Glass Pool Enclosure At New Mid-City YMCA Poses Problem For Muslim Swimmers
Imagine a greenhouse. Glass on all sides. A glass barrel ceiling. Now put a pool in it. That's the aquatic center at the Copley-Price Family YMCA on the border of City Heights and Kensington-Talmadge. It's impressive, but it poses a problem for the gym's Muslim members.
The group United Women's East African Support Team met with YMCA staff this week to see if the new facility will offer enough privacy for Muslim women who want to swim.
The Y opened its old pool to the women after hours beginning in 2012, because they didn't feel comfortable swimming in front of men. Their religion requires they dress modestly, and even tight-fitting Islamic swimsuits that cover their limbs and heads can make them feel uncomfortable in mixed company.
Though the classes would still begin once the gym has cleared for the night, the new pool is partially visible from the street and common areas.
"I was expecting it to be a little more covered than this," said Amina Sheik Mohamed when she first saw it. Mohamed is a senior manager at the UC San Diego Center for Community Health. Like most of the women, she's a U.S. citizen but came to the United States from Somalia.
The women are considering pooling their money or finding a donor to pay for retractable shades on the most exposed wall.
Faduma Adam Haji, 16, said it's important they find a solution.
"It's a place that we can get out our stress," said Haji. "And exercise-wise, especially the moms, they just don't get exercise. Sometimes it's the only place where we can exercise and it's really saved us a lot in terms of health."
Haji added that she didn't expect to swim again once she became a pre-teen.
"I was really stoked because I was like, 'Finally after all these years I'm going to be able to go swimming. I can't believe they did this for us,'" Haji said.
The YMCA faced criticism over the classes when KPBS aired a story on them in 2012. Some said the accommodation was discrimination against the gym's other members.

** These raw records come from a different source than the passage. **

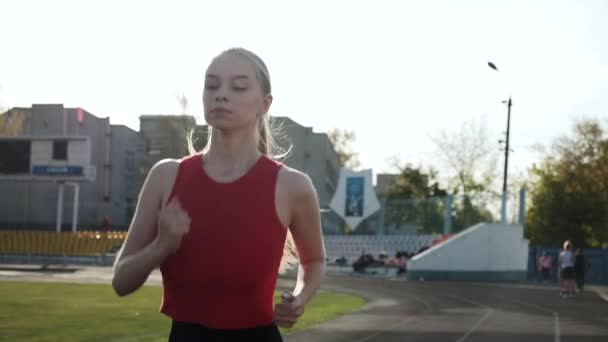 Jovem corredor de fitness caucasiano esportivo em sportswear correndo na pista do estádio — Vídeo de Stock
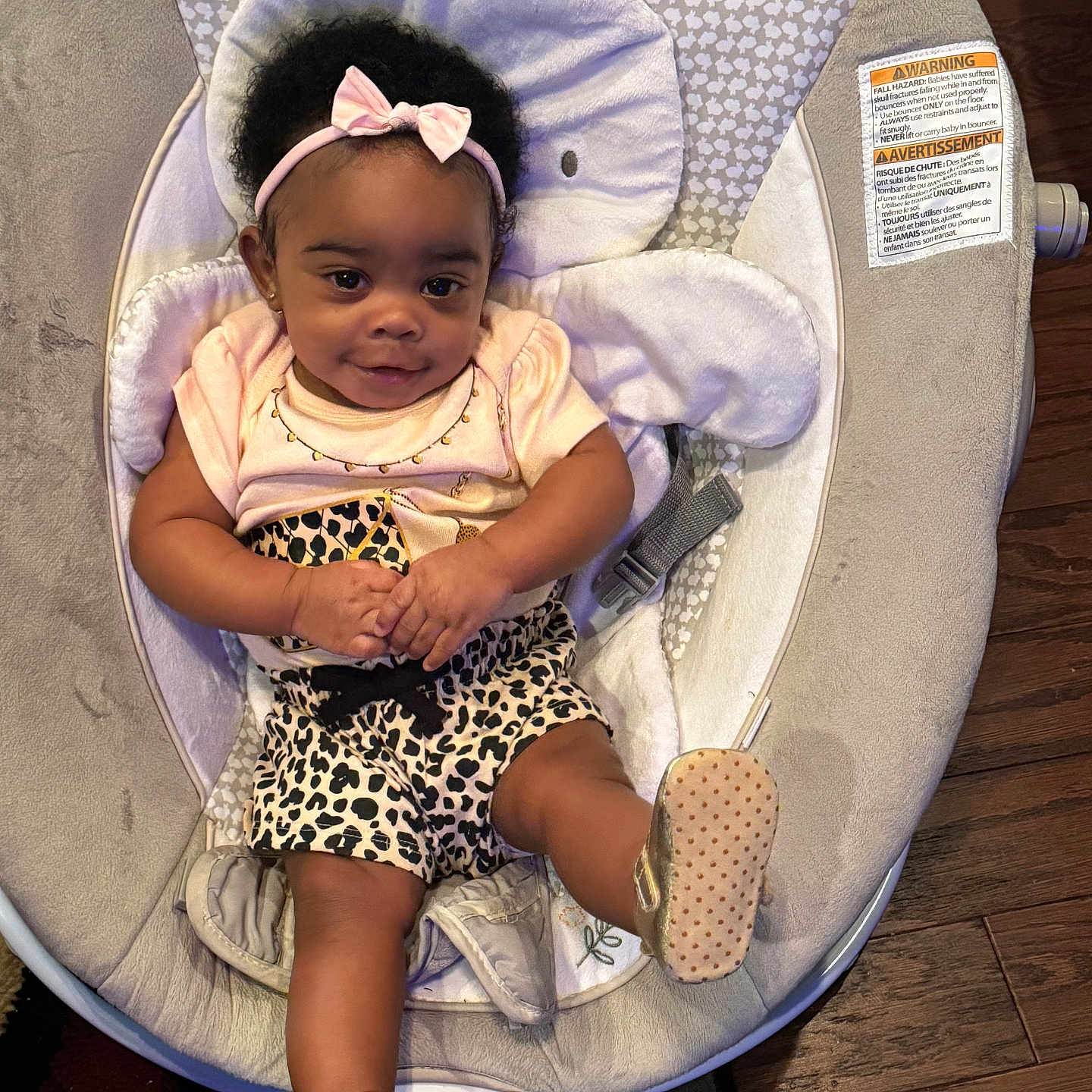 Mirakle is registered to the contest to win money with this photo: baby, baby_rocker, carpet, child, cute, elephant_design, footwear, gold_shoes, happy, headband, indoor, infant, leopard_print, person, pink_bow, portrait, shirt, shorts, smiling, wooden_floor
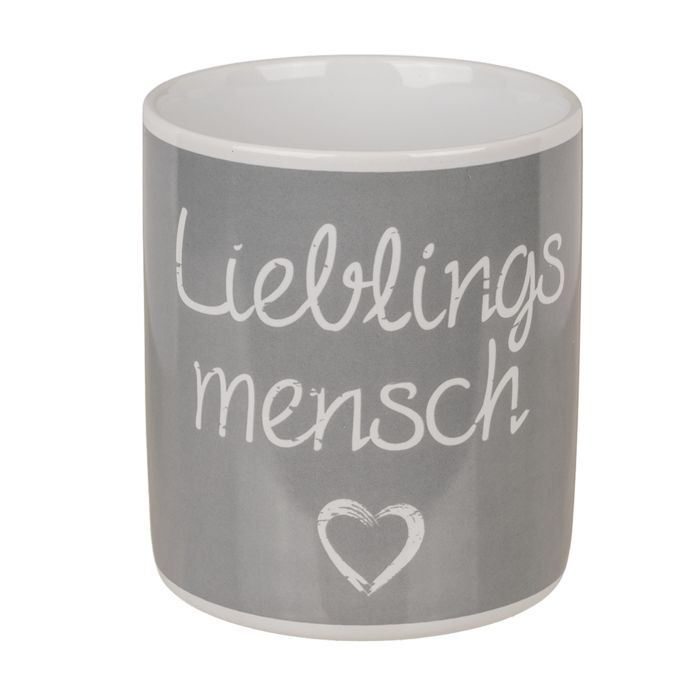 Grijze beker met witte rand. Opschrift "Lieblingsmensch" en hart. Cilindrische vorm.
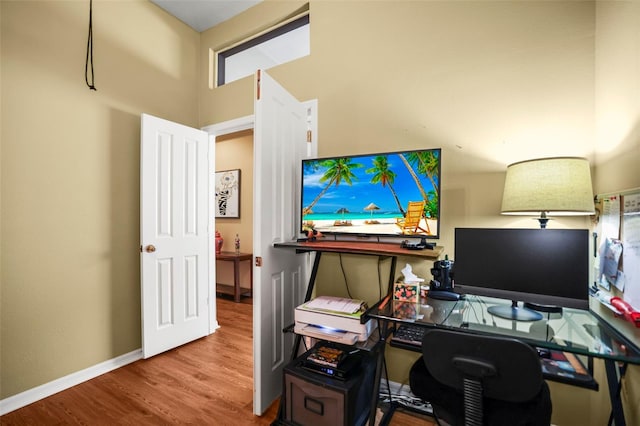 31108 Whitlock Dr, Wesley Chapel, FL 33543 - home office with wood finished floors and baseboards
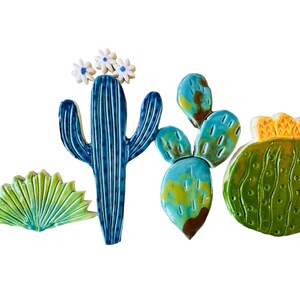 May include: A set of five ceramic cactus tiles in various shades of green, blue, and yellow. The tiles feature different cactus shapes, including a tall saguaro cactus with white flowers, a prickly pear cactus, and a round barrel cactus.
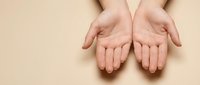 Open female hands cupped together in receiving gesture on neutral beige background, symbolizing care, support, giving and protection concepts.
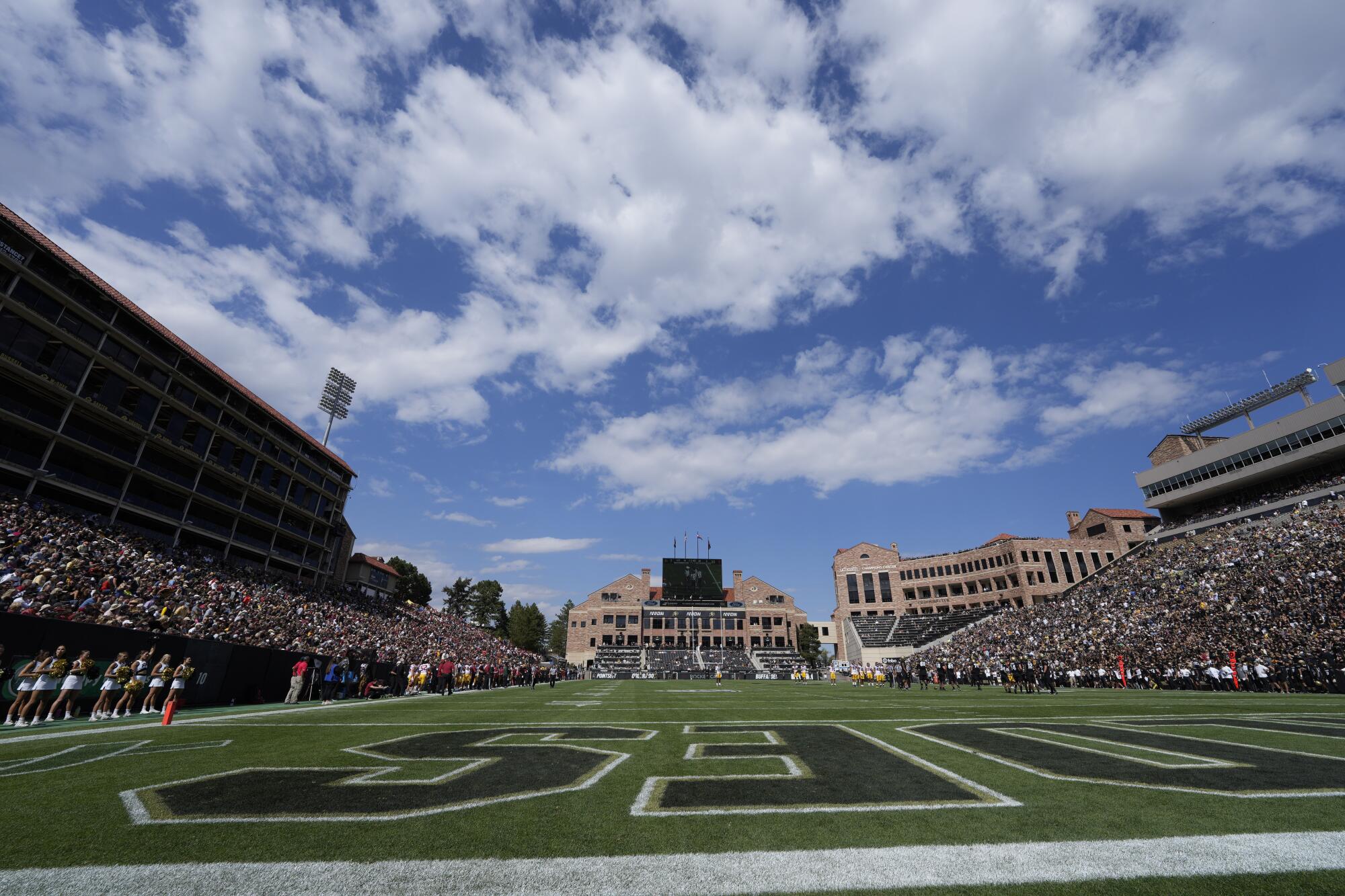 Clouds roll over Folsom Field in the second half between USC and Colorado.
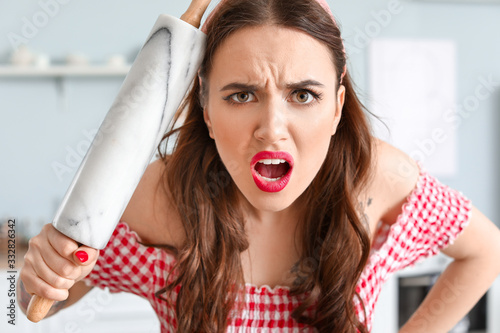 Funny angry housewife in ki...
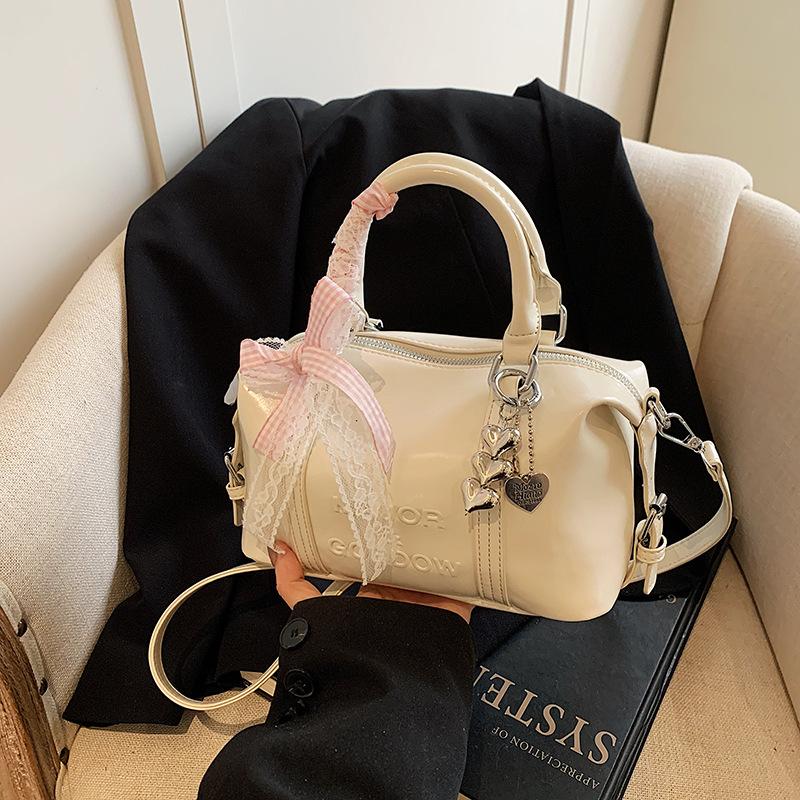 Модная нишевая сумка-боулинг для ручной носки женская 2025 новая трендовая корейская версия, высококачественная сумка на плечо, универсальная сумка-мессенджер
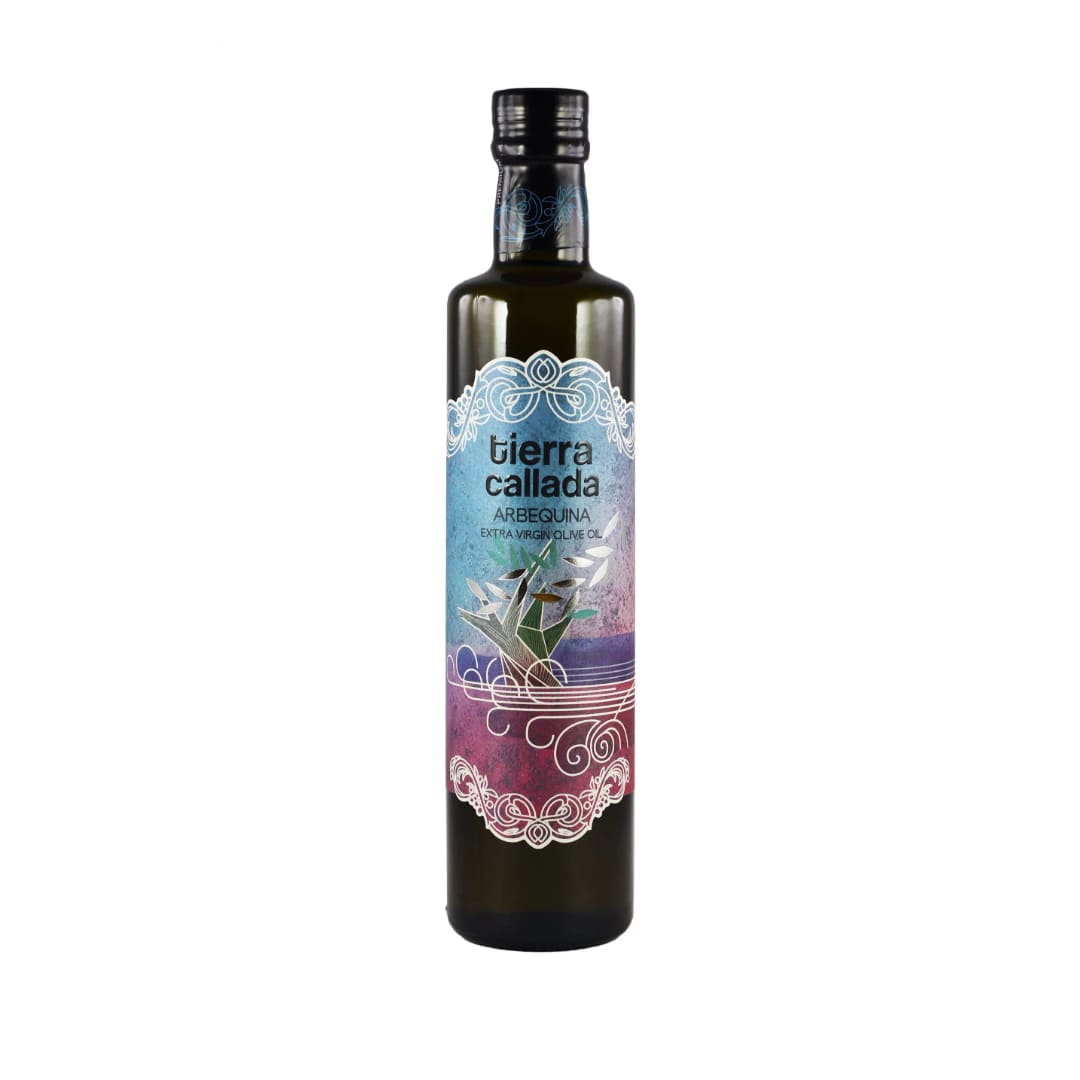 A bottle of Tierra Callada Arbequina Extra Virgin Olive Oil with a label featuring a poem by Miguel Hernández.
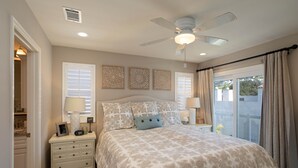A bedroom with a bed, nightstands, a ceiling fan, and a view of the outside. - Beautiful Updated House with Ocean Views in Downtown Pismo (Pismo Beach)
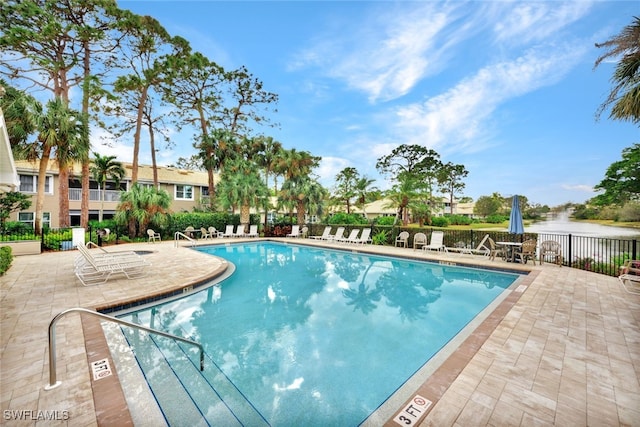 view of pool featuring a patio and a water view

Professor of law Andrea Freeman, now at the William S. Richardson School of Law in Hawaii, said at the time the class does not violate anti-discrimination laws.
Adina Batnitzky, an associate professor of sociology at the University of San Diego, applauded the women for "taking their health into their own hands."
“Yes this is an issue of inclusion and diversity, but it’s also an issue of public health,” she said. “We want to get these women moving.”
Batnitzky said Islam has doctrines about modesty that apply to both men and women, which is what keeps the women from participating in a co-ed swim class. She added that because many of the women are East African, they are at higher risk for hypertension and diabetes.
"It's at a really diverse epicenter of San Diego," Holets said. "It has a lot of different people from a lot of different backgrounds and the Y is for everybody. We want to make sure that our program reflects that diversity."